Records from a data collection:
==================================================

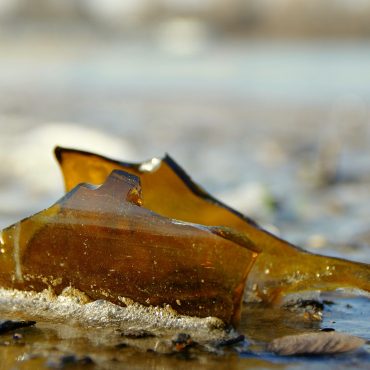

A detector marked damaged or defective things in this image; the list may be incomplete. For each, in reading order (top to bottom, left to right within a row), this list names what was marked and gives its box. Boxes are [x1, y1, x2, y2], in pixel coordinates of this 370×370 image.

broken amber glass [0, 169, 258, 326]
broken amber glass [55, 146, 370, 302]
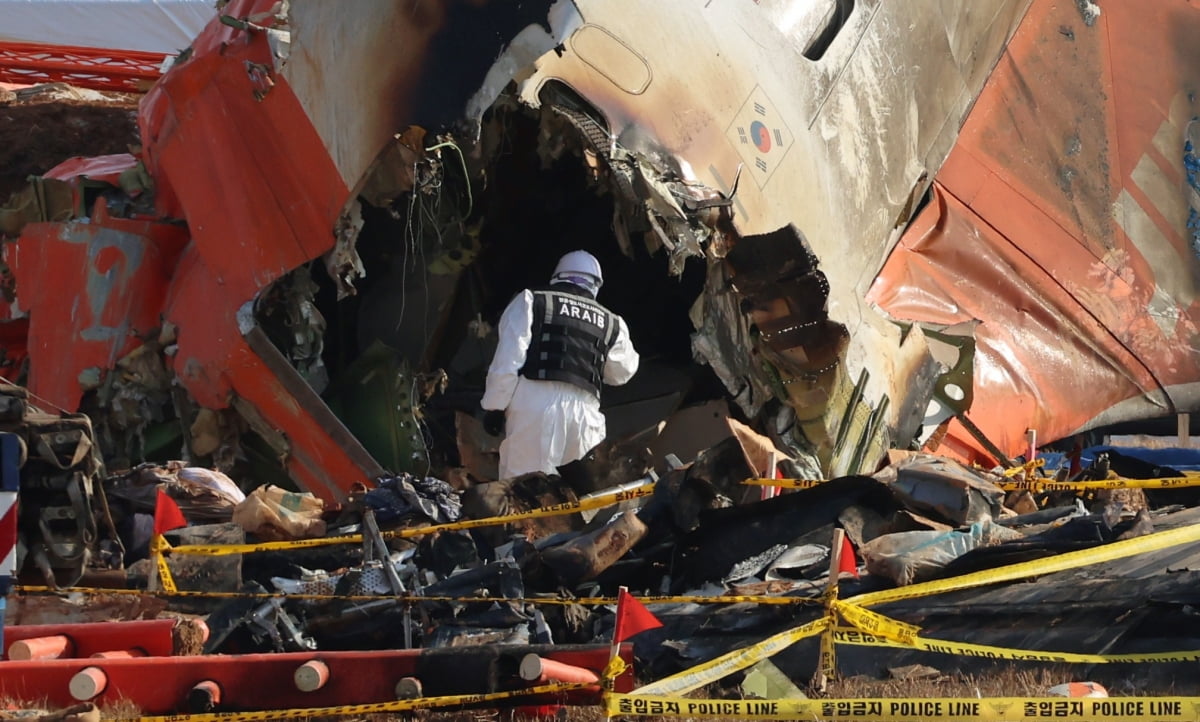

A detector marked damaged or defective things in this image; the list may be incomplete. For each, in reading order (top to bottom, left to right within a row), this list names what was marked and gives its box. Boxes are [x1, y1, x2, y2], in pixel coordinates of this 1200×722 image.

fire-damaged structure [0, 1, 1192, 512]
crashed airplane fuselage [2, 0, 1192, 500]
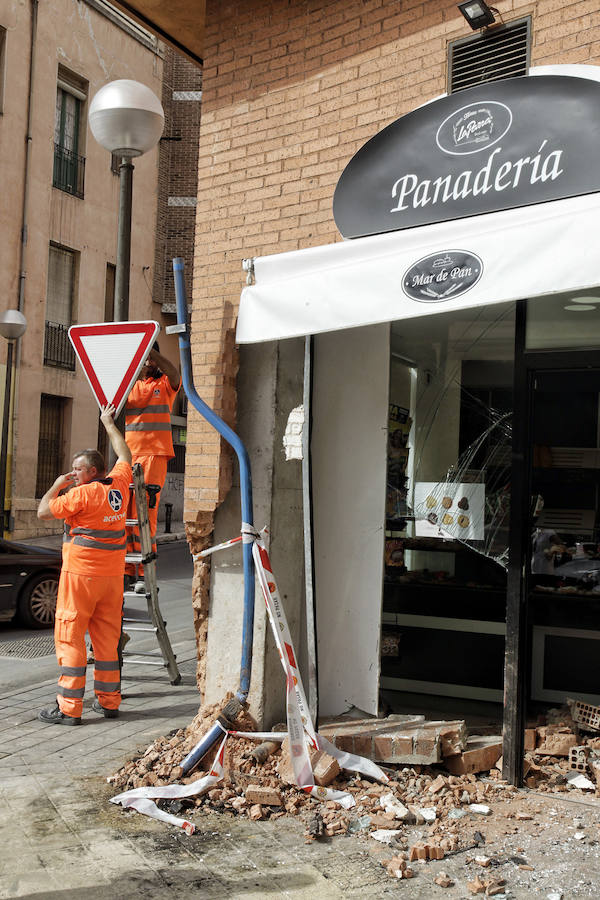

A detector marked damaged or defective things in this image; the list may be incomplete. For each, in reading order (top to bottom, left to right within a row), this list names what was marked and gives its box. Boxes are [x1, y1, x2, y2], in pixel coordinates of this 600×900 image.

damaged downpipe [170, 260, 254, 772]
bent blue pipe [172, 255, 254, 704]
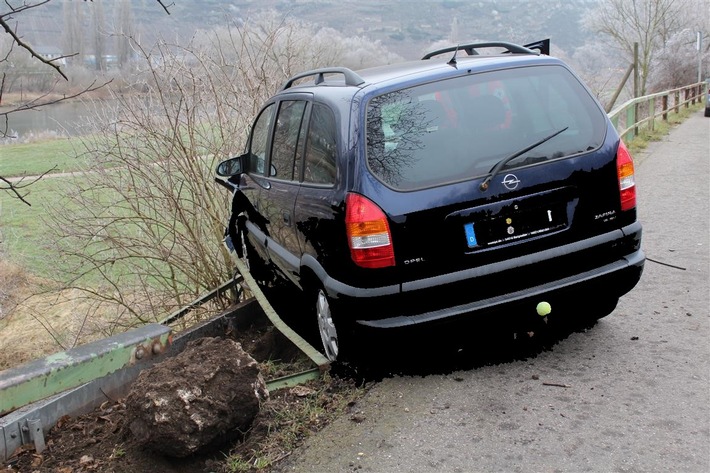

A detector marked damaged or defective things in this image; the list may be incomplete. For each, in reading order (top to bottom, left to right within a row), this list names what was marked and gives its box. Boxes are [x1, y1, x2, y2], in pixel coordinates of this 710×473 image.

bent metal railing [608, 80, 708, 142]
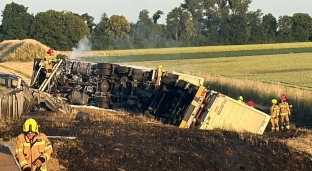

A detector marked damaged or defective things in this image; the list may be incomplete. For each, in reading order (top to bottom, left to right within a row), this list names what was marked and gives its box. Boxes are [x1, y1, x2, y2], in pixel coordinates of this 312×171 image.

overturned truck [29, 58, 270, 135]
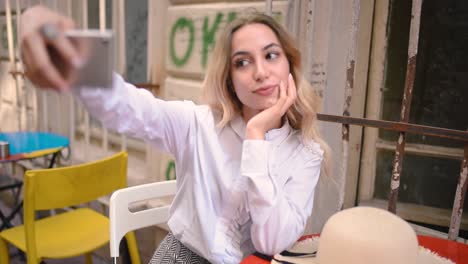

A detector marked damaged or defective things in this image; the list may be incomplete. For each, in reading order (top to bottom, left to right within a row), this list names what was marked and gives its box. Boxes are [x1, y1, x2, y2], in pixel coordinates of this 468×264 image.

rusty metal post [340, 0, 362, 209]
rusty metal post [388, 0, 424, 213]
rusty metal post [446, 145, 468, 240]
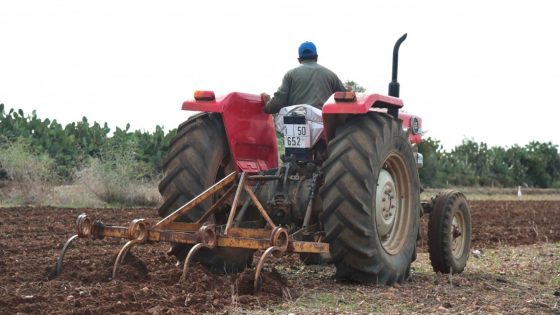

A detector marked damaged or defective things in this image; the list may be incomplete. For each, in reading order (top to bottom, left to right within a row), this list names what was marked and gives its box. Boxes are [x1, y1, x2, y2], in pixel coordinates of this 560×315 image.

==================================================

§ WHAT YOU ARE ASKED TO DO: Write out the data in full and exactly as given, though without the images.

§ OUTPUT:
A detector marked damaged or defective things in this image; the list may be incomplete. For each, in reading order (top to bottom, left to right within a row), this list names what was marked and gives its box. Boxes are [x1, y1, x2, y2], in pixel coordinates of this 370×370 image.

broken amber glass [0, 169, 258, 326]
broken amber glass [55, 146, 370, 302]

A detector marked damaged or defective things in this image; the list may be incomplete. For each, in reading order (top to bottom, left to right within a row), this list names what was marked and gives its box. Boxes are [x1, y1, x2, y2], in pixel coordinates of this 1200×722 image.

fire-damaged structure [0, 1, 1192, 512]
crashed airplane fuselage [2, 0, 1192, 500]

A detector marked damaged or defective things in this image; the list may be incomplete. For each, in reading order (top to bottom, left to right within a row), this list names what was marked and gives its box. Boxes are [x1, y1, x2, y2], in pixel coordinates of this 600×900 image.

damaged downpipe [170, 260, 254, 772]
bent blue pipe [172, 255, 254, 704]

A detector marked damaged or defective things in this image; the list may be incomplete. For each, in reading order (top to bottom, left to right within a row), this list names what was marked and gives its box. Boxes are [x1, y1, x2, y2], in pixel coordinates of this 710×473 image.

bent metal railing [608, 80, 708, 142]

A detector marked damaged or defective things in this image; the list may be incomplete. For each, in reading order (top to bottom, left to right within a row), this list names what was marked and gives its box. Boxes are [x1, y1, x2, y2], in pixel coordinates of this 312×171 image.

overturned truck [29, 58, 270, 135]

A detector marked damaged or defective things in this image; the list may be incomplete. For each, in reading order (top to bottom, left to right within a row), this list names what was marked and gives its box. Boxes are [x1, y1, x2, y2], in pixel coordinates of this 468×264 image.

rusty metal post [340, 0, 362, 209]
rusty metal post [388, 0, 424, 213]
rusty metal post [446, 145, 468, 240]

A detector marked damaged or defective things in this image; the list may be incomplete. For each, in reading order (top to bottom, left to right within a row), this list names what was marked and gives its box. Boxes are [x1, y1, x2, y2], in pixel coordinates of this 560×315 image.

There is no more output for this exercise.